The week-day late afternoon "schedule filler" on BBC TV. Where they give gardens a makeover. I appreciate that some of these "rescues" are for people with disabilities, but most are not. They are for people who obviously, by the state of the original, are not interested in gardening, but are happy for the BBC to throw £4000 at it. Of course the owners are delighted with the end result, who wouldn't be? But whether they will make the effort to maintain it, we'll never know. Yesterday's was the garden of a "new build," left by the developer as entirely lawn with a few paving slabs as a tiny patio. This one took the best part of £6,000 to fill. I only start watching these shows half way through, as I like to see what they do and I fast forward through Charlie Dimmock's "clowning around" that helps fill the programme. Much of it is a "quick fix," gravel paths that meet either the lawn or a border with no containment, how's that going to work out? In another episode we got a view of a small paved,"chillout area" where they position an existing double wooden seat with a table inbetween, but the paved area was too small, so one end had two legs hanging over a flower bed. But there you go, it's just telly innit? The "in thing" apparently, are pergolas, in the middle of the garden, made entirely from tanalised four by four or whatever. The idea is that "climbers" will grow up over them. In reality many won't, so they are left with an eyesore that might as well have been made with scaffold poles. "In things" are common to gardening from time to time. Back in the day, when building gardens for the Chelsea Flower Show, over a couple of years, a few were built by Diamuid Gavin, whose favourite and most used garden tool was apparently, by what we saw, a concrete mixer.
I have to confess to having some concrete in our garden, the six foot pagoda and the two four and a half foot lanterns I made thirty-five years ago, but hopefully I've achieved making them look more like stone than concrete as they have an exterior skin of sand and cement mortar, so have weathered a bit as would stone over a few centuries.
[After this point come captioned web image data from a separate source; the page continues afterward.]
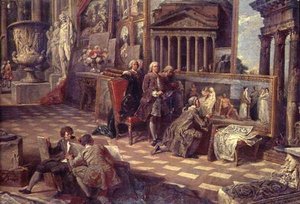 Detail des Inneren einer imaginären Bildergalerie von Giovanni Paolo Pannini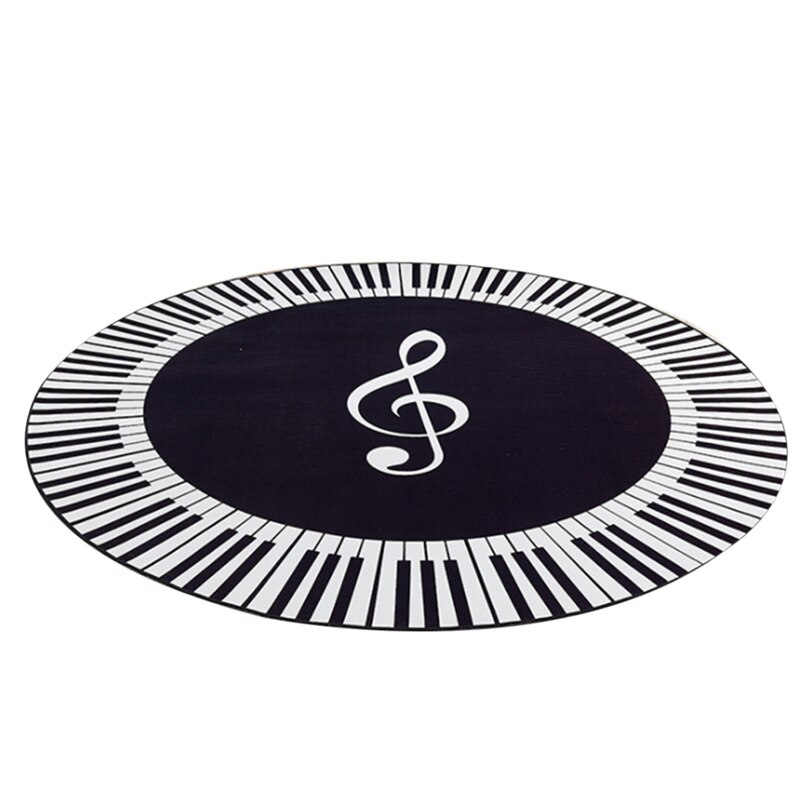 Ehomebuy tæppe musik symbol klaver nøgler sort hvid rundt tæppe anti slip tæpper hjem soveværelse fodpuder gulv dekoration: Diameter 60cm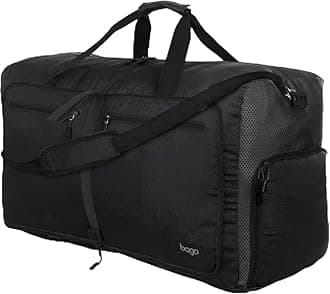 Bago Medium Duffle Bag for Travel Women & Men. Durable Lightweight Foldable Travel Duffel Bags For Traveling Women. 60L Duffle Bags For Overnight Bag With Shoe Compartment Collapsible Weekender duffel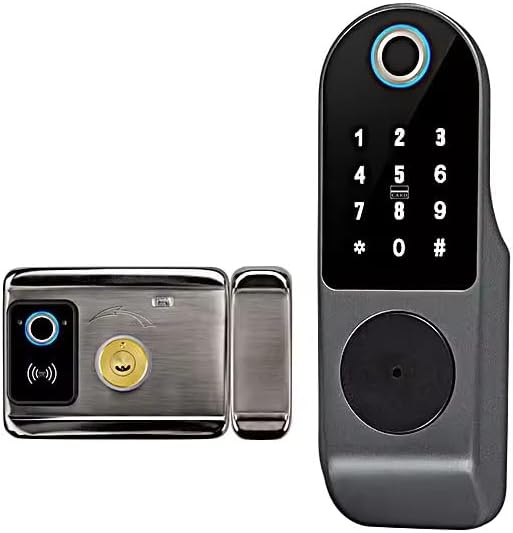 Generic Cerradura de puerta de hierro Courtyard electrónica doméstica cerradura de puerta de huella digital cerradura de borde de puerta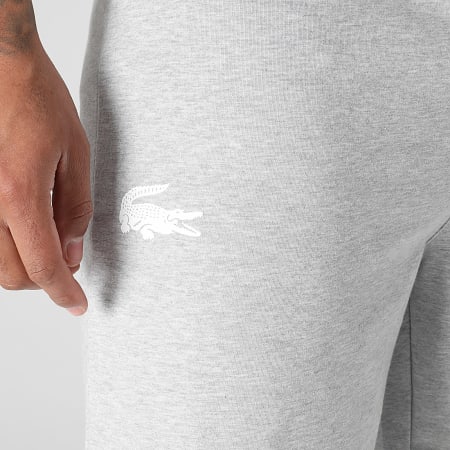 Lacoste - Short Jogging Logo Crocodile Gris Chiné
I know what you mean. We have similar shows here and I always wonder what the place looks like after two-three years. Love your concrete ornaments! I need to get me some once we're done redoing the garden yet again.
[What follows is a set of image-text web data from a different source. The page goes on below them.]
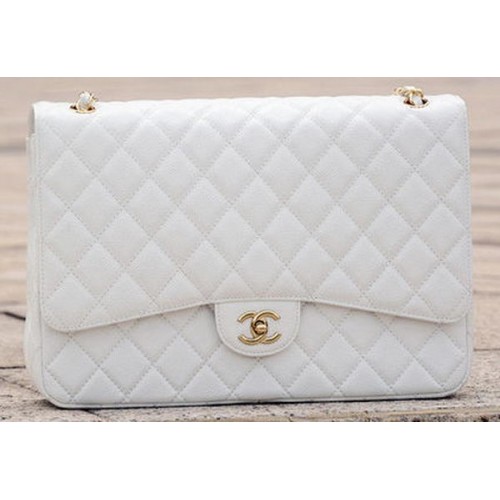 Geantă Chanel Maxi Quilted Classic Flap, albă, model Cannage, A58601, aurie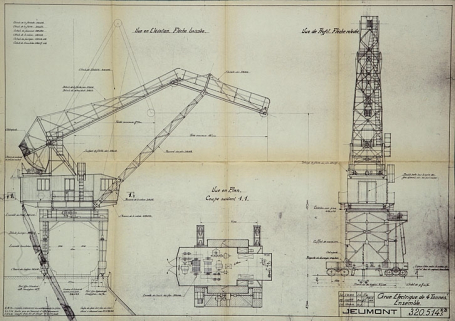 Grue électrique de 4 tonnes. Ensemble, 1936. © Région Bourgogne-Franche-Comté, Inventaire du patrimoine Grue électrique de 4 tonnes. Ensemble, 1936. © Région Bourgogne-Franche-Comté, Inventaire du patrimoine
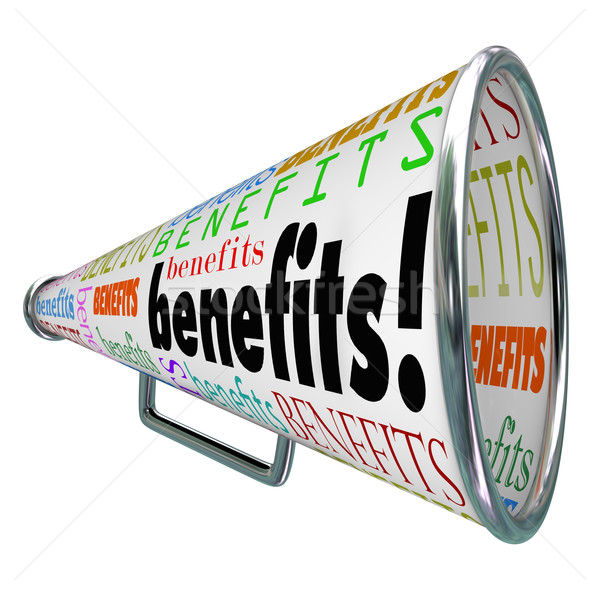 Benefits Megaphone Bullhorn Advertise Features of Product Stock photo © iqoncept
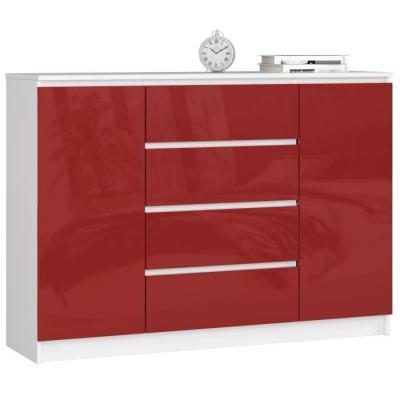 Commode akord k140 blanche 138 cm 2 portes 4 tiroirs fa&ccedil;ade rouge brillante 4 &eacute;tag&egrave;res 138x40x99 cm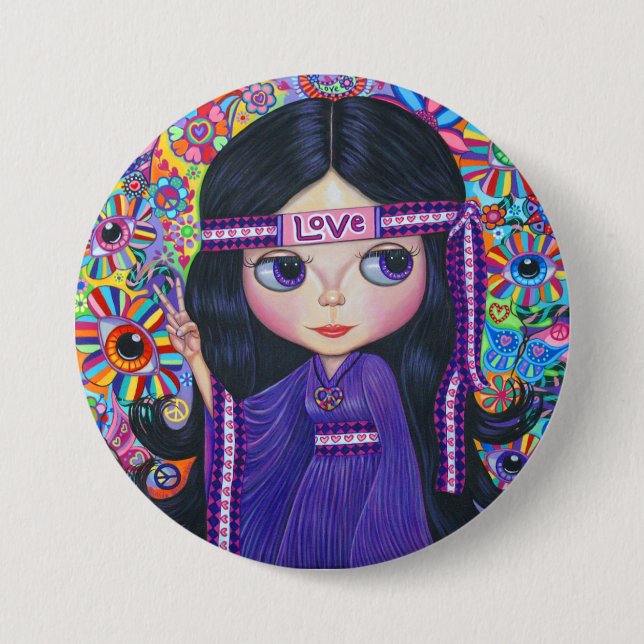 Love Headband Hippie Girl Doll Purple Psychedelic 3 Inch Round Button (Front)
I built them because I couldn't find anything in garden centres that would look aged. The process is much like making kids sand castles. I made a couple of YouTube videos about therm, together they've had well over 50,000 hits. Here's one of them.
You're such an artist! I have a strong feeling our attempts would indeed look like a child's sand castle, lol.
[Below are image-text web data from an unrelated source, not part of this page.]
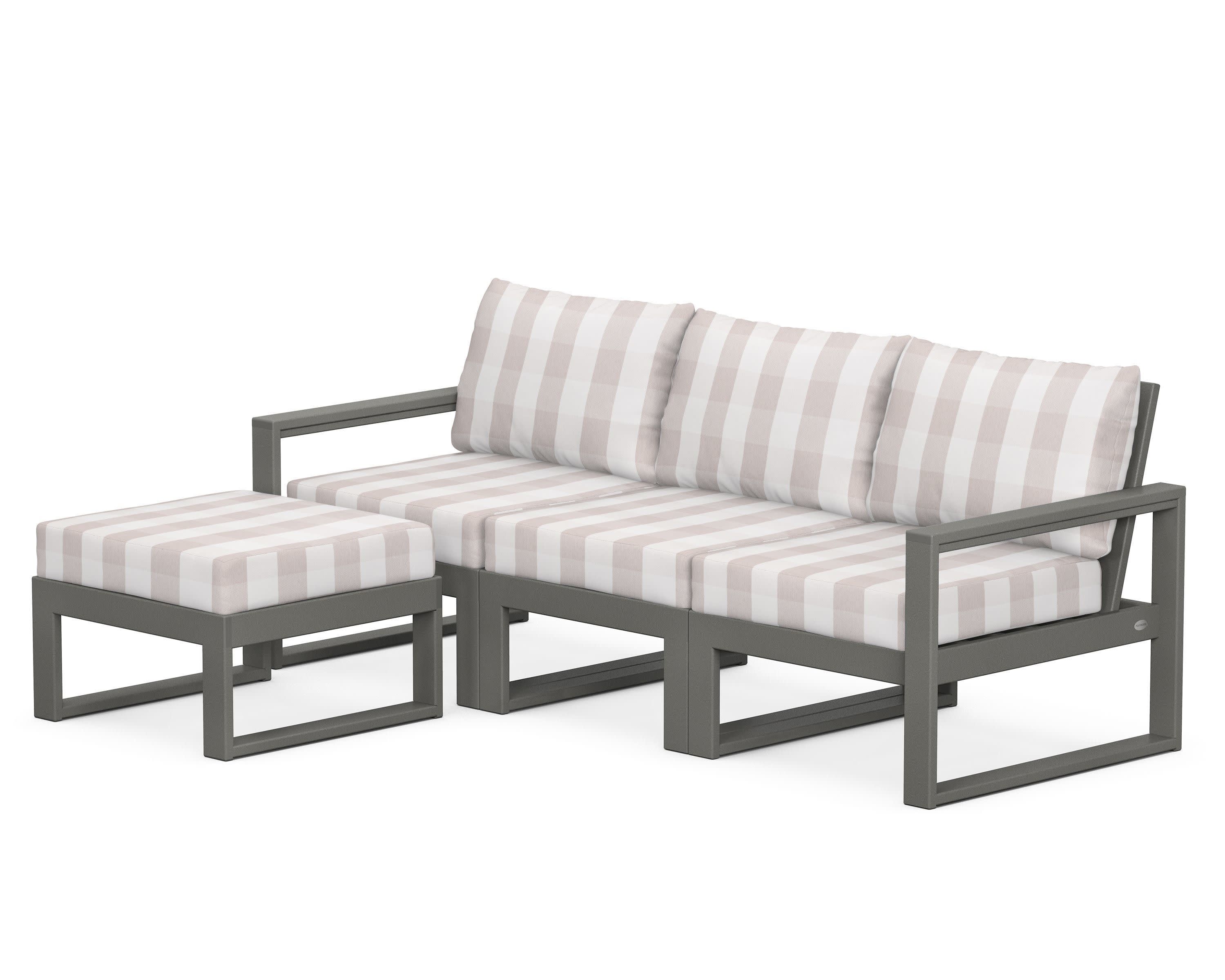 EDGE 4-Piece Modular Deep Seating Set with Ottoman in Slate Grey / Buffalo Plaid Dune Burlap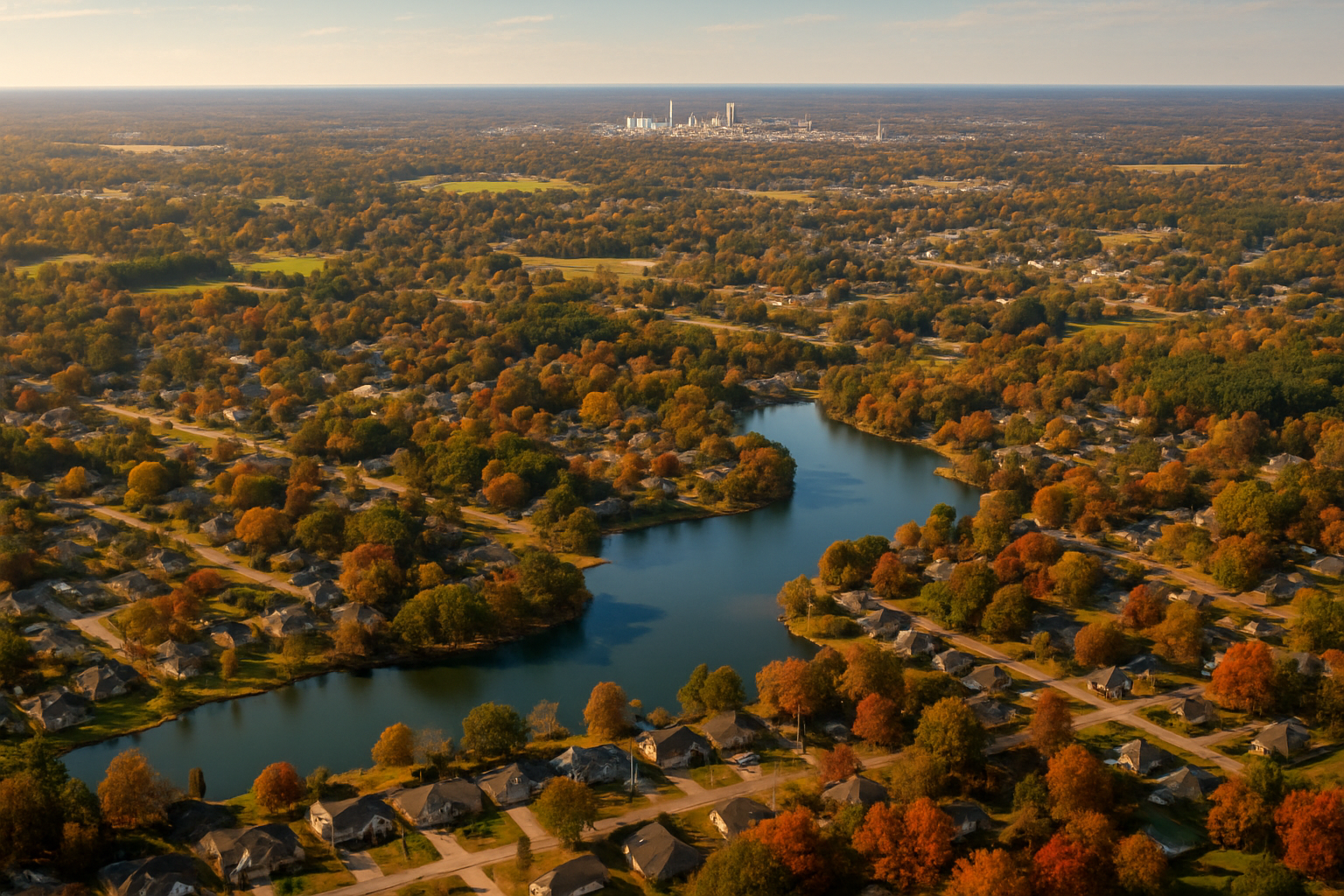 An aerial view of a city with a river running through it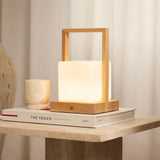 Noah light brown - Portable wooden rechargeable lamp Tavellio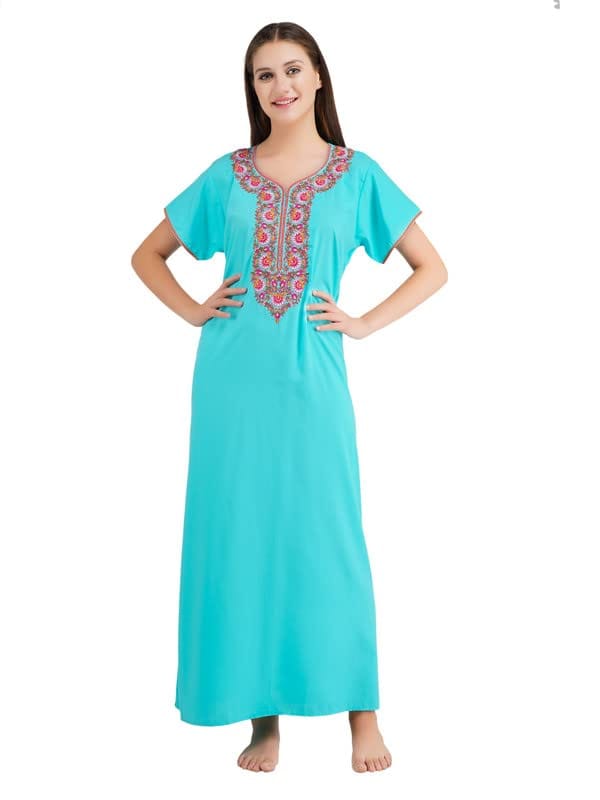 KOI SLEEPWEAR lizzybizzy Sky Blue Nightgown with Gorgeous Floral Embroidery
This is incredible. My hubby has a background in concrete work from his youth. He made some memorial stones etc for the garden. Nothing like this beauty. I showed your video to him and he's very impressed and interested. Thank you for sharing!
Thanks for the kind words. It's all about getting the consistency of the concrete right. As I said just a like a sandcastle mix. The problem is that concrete looks like.....concrete. So it's important that everything has a skin of strong mortar, more cement in it than say for bricklaying. for a natural aged looking stone surface. I used yellow cement dye to get a similar colour to the York stone of our patio and paths. Over the years the surface of the tops have eroded a bit and attracted moss adding to the look of aging. It's surprising how much detail you can get with fine concrete mix. My pagoda actually has simulated pinjoints, these on a real pagoda are what holds up the corners of the roofs. Visitors don't notice the undersides. The biggest challenge was making the Sorin on the top. I made it from brass cupboard door knobs, the green tops of 4pt milk cartons, some wooden beads, a garden lighting stake I drilled out and the cap of a shaving gel aerosol. A steel rod connects everything. The only maintenance they've had in 35 years is an occasional re-paint of the pagoda and replacing the bulbs in the lanterns every few years. The latter is a right pain as there's no easy way to do it. I have to lift off the top to get at the fitting and clean the acetate film that gives the colour and it weighs a ton! We don't often turn the lights on. But I check all the garden lights every night before we go to bed, just to make sure they are working. ( don't like having stuff that doesn't work). Easy enough, they are controlled by the four switches on the wall behind the lounge curtains, which are connected to the power in the garage by a multi-strand armoured cable I laid from the house, under the concrete raft that supports the patio in the late seventies.